No Julho das Pretas, depoimentos revelam a potência da beleza como mecanismo de sobrevivência
No dia 25 de julho é celebrado internacionalmente o Dia da Mulher Negra Latino-Americana e Caribenha. A data foi instituída em 1992, no I Seminário Internacional de Mulheres Negras da América Latina e do Caribe, em Santo Domingo, República Dominicana. No Brasil, foi adicionado à celebração o Dia Nacional de Tereza de Benguela e da Mulher Negra. A marcação é um importante reconhecimento da luta, liderança, resiliência e contribuição das mulheres negras para a nossa sociedade.
Tereza de Benguela foi uma liderança quilombola no século XVIII, do Quilombo do Quariterê, na região onde hoje fica Cuiabá (MT). Ela é uma referência na busca pela liberdade de seu povo e até hoje inspira e transmite sua força ancestral por meio de suas descendentes. O Julho das Pretas é uma oportunidade não apenas de relembrar a existência da Rainha Tereza, mas de enxergá-la e honrá-la valorizando cada uma de nossas mulheres negras.

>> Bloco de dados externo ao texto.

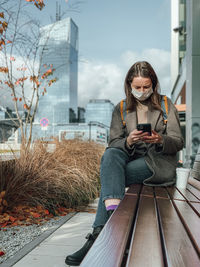 Full length of young woman using mobile phone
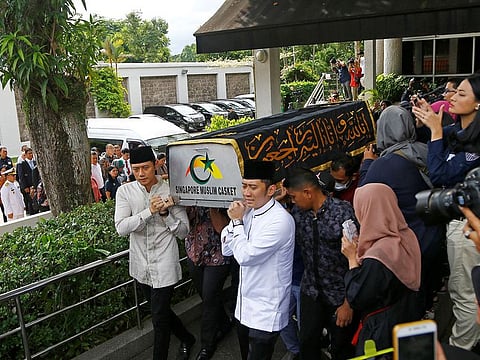 Agus Harimurti Yudhoyono and Edhie Baskoro Yudhoyono carry the casket of their mother and late former Indonesian First Lady Ani Yudhoyono outside the Indonesian embassy in Singapore, June 1, 2019.
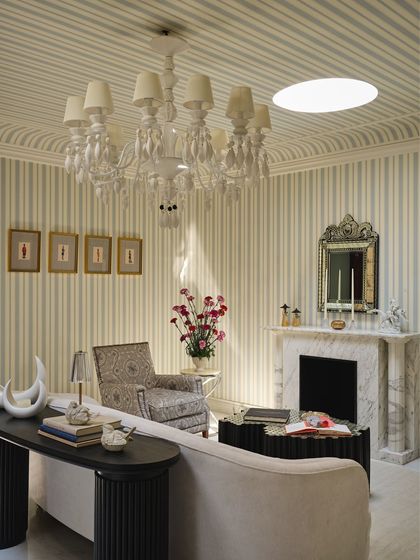 A closer view of the salon, showing the contrast between the curved ivory sofa and a patterned bergère chair. The space is designed to feel composed yet curious, with a restored marble fireplace as its anchor.
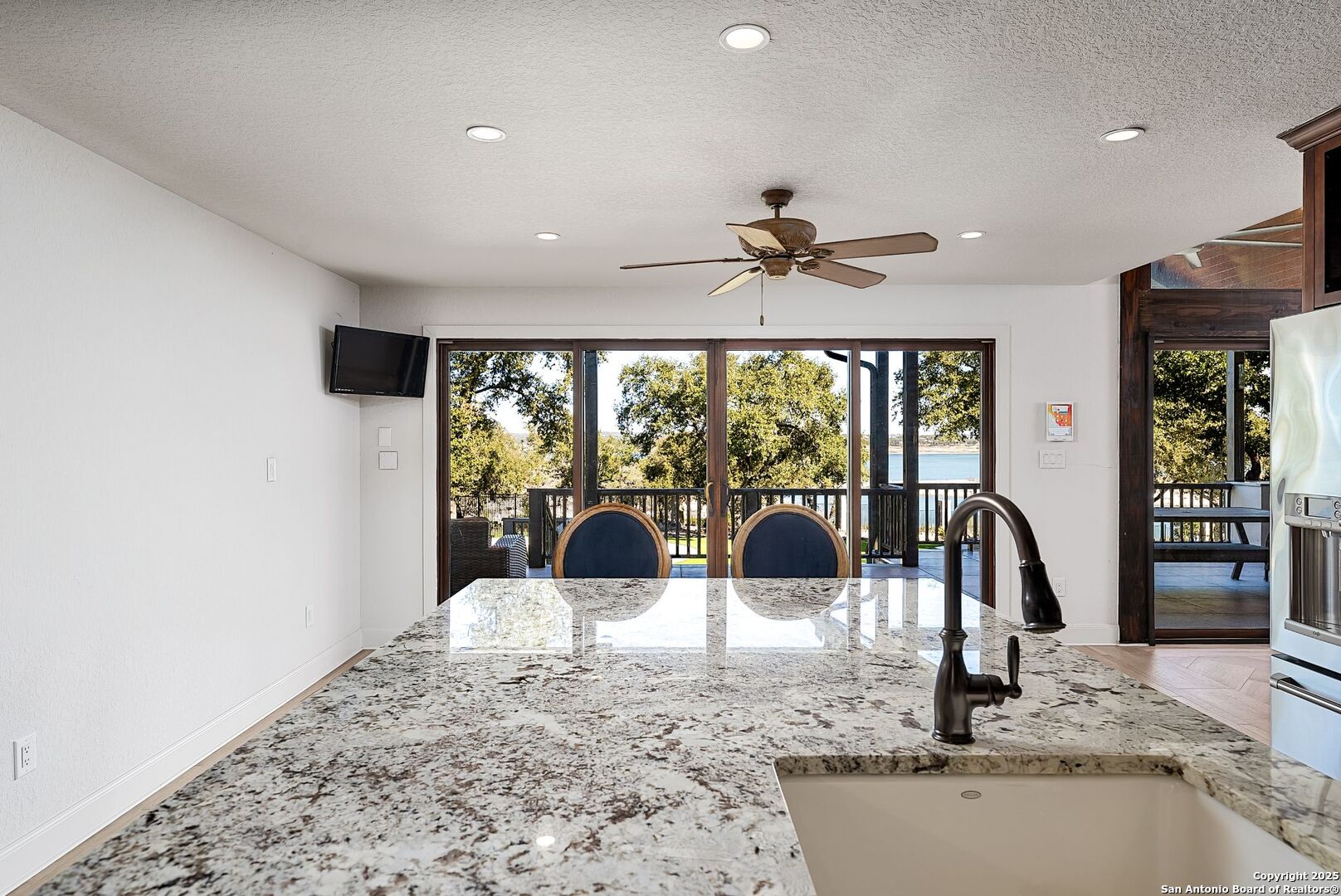 1240 Rip Jay Circle Canyon Lake, TX 78133 - Photo 12 of 52 a view of a kitchen with a large window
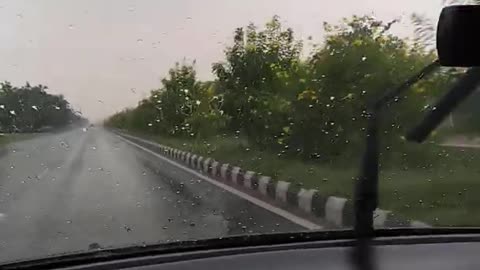 Car Driving in Raining Season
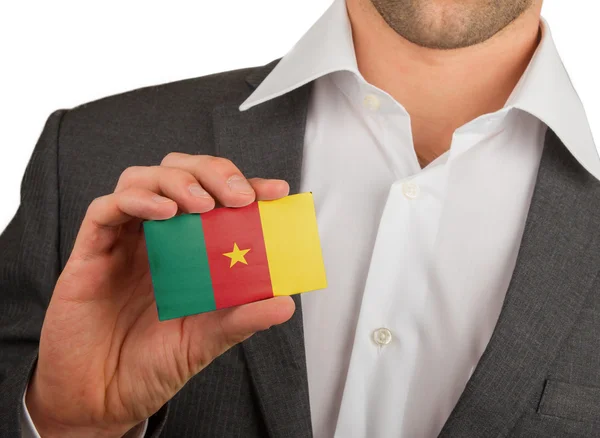 Businessman is holding a business card, Cameroon — Stock Photo, Image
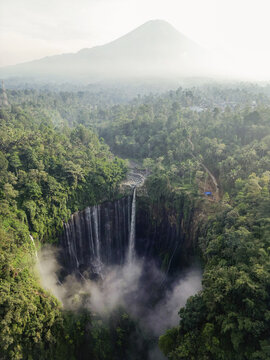 Aerial view of the majestic Tumpak Sewu waterfall cascading through lush green vegetation, with the hazy silhouette of Mount Semeru in the distance, Java, Indonesia.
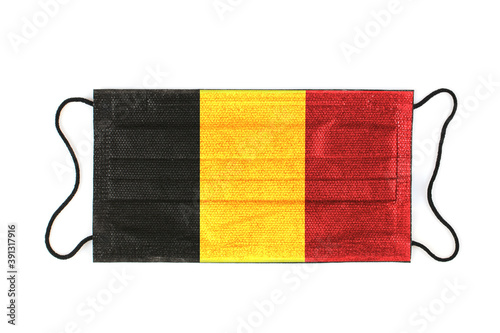 Black medical mask with image of belgian flag. Black medical mask as symbol of mortal danger Covid-19 in Belgium. Close up protective masks filter. High resolution isolated on white background.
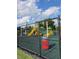 Community playground with slides and play equipment, fully enclosed with a secure fence for safety at 30434 Colehaven Ct, Wesley Chapel, FL 33543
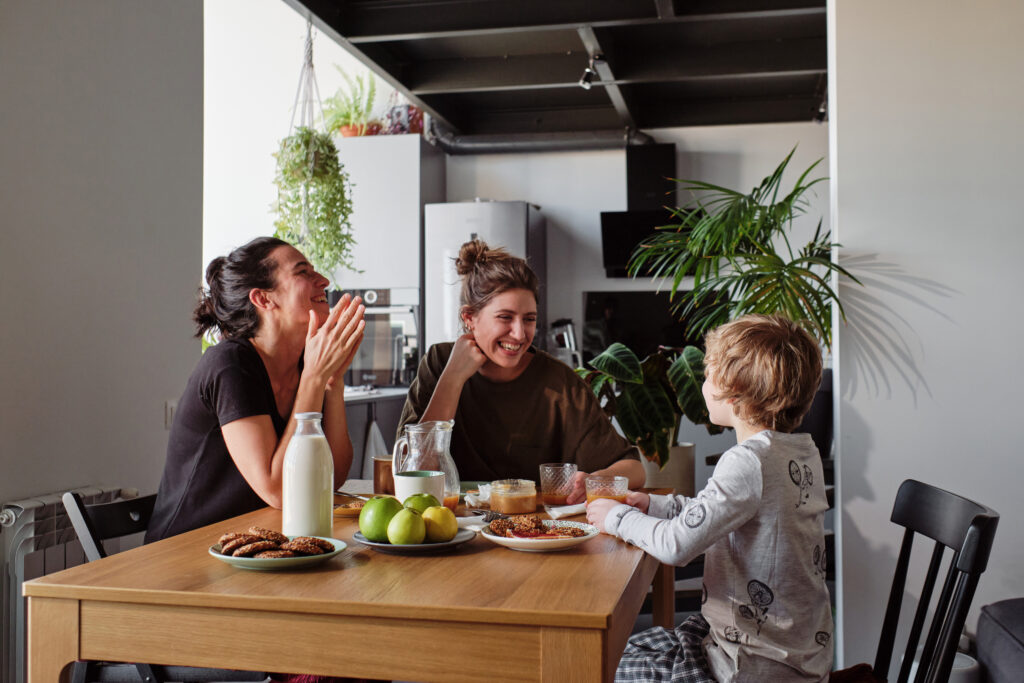 Happy lesbian couple laughing during breakfast at table while their little son talking funny jokes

E como bem aponta a liderança do Quilombo Sítio Veiga (CE), Ana Maria Eugênia, “Pensar no Julho das Pretas é também abordar a questão da beleza da mulher quilombola, da mulher preta, da mulher periférica, da mulher das águas e das florestas”.

Espelho partido
Para muitas mulheres negras, a relação com a própria imagem pode ser uma questão sensível. “É muito difícil falar isso de beleza externa, porque a sociedade coloca que a mulher bonita é a mulher branca, de olho gateado, dos olhos verdes, loira. Então você não consegue se ver neste lugar”, comenta a liderança Tarciara dos Santos, do Quilombo Santa Tereza do Matupir (AM), que sonhava em ser modelo e desfilar em passarelas quando criança.

“Historicamente a gente é taxado como feio, o nosso cabelo é tido como feio, nosso corpo é tido como feio, o nosso sorriso, nossos lábios”, complementa Ana Maria Eugênia. Por muito tempo, o espelho, por exemplo, foi um lugar de ausência para muitas mulheres negras quilombolas. Uma superfície silenciosa que não refletia beleza, afeto ou pertencimento.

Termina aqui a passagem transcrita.